The German Armed Forces finalized an agreement to equip their Frankenthal-class minesweepers with cutting-edge SeaCat autonomous underwater vehicles (AUVs) on October 20, 2023. The contract for this transformative project has been awarded to the esteemed German company ATLAS Elektronik GmbH, tasked with delivering a total of four autonomous underwater reconnaissance drones and ensuring their seamless integration into the minesweepers. This landmark agreement not only encompasses the integration of the SeaCat AUVs but also involves essential modifications to the existing training and testing facility. The contract provides the flexibility to swiftly procure additional drones as the need arises. This momentous decision gained approval from the Budget Committee of the German Bundestag and was formalized through the signing of the purchase agreement by the President of the Federal Office for Equipment, Information Technology, and Utilization of the German Armed Forces (BAAINBw). The funding for this ambitious project, slated to commence in 2024, will be drawn from the special allocation for the German Armed Forces.

German Navy Frankenthal-class minehunter Sulzbach-Rosenberg
German Navy Frankenthal-class minehunter Sulzbach-Rosenberg (M1062). (Photo by Bundeswehr)

The SeaCat Autonomous Underwater Vehicle (AUV) boasts a modular design that facilitates customization to meet specific mission requirements.
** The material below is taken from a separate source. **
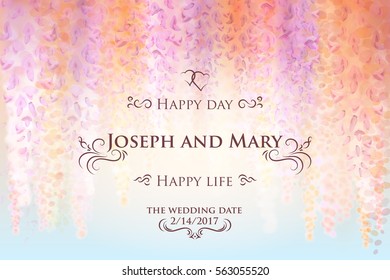 Save the date, wedding invitation card template with gentle flowers of blooming wisteria, floral background. Vector illustration. Eps10.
Its versatile capabilities encompass conducting hydrographic surveys, enabling real-time data transmission for immediate point-of-interest inspection, and facilitating inspections within water supply ducts. The SeaCat AUV offers a range of SwapHead configurations, including Survey Head ONE equipped with an R2 Sonic Multi-beam echo sounder, Survey Head Mk TWO featuring a NORBIT Wideband Multi-beam Sonar and a video camera, and Survey Head Mk FOUR with a G882 Magnetometer, a Sub-bottom Profiler, a NORBIT Wideband Multi-beam Sonar, and a video camera. SeaCat provides various other Inspection Heads designed to meet diverse mission requirements, such as the Inspection Head AUV, Water Quality Head, Tunnel Inspection Head, Inspection Head ROV, Geomagnetic Head, and Subbottom Head. The SeaCat AUV boasts a diameter of 325mm, a variable length ranging from approximately 2500 to 3500 mm (depending on payload and battery options), a width of 576 mm, and a height of 670 mm (including antennas). The AUV’s weight in air varies from approximately 130 to 220 kg and it can achieve a maximum speed of over 6 knots while operating within a depth range of 2 meters to 600 meters.

Atlas Elektronik SeaCat autonomous underwater vehicle (AUV)
Atlas Elektronik SeaCat autonomous underwater vehicle (AUV). (Photo by Bundeswehr)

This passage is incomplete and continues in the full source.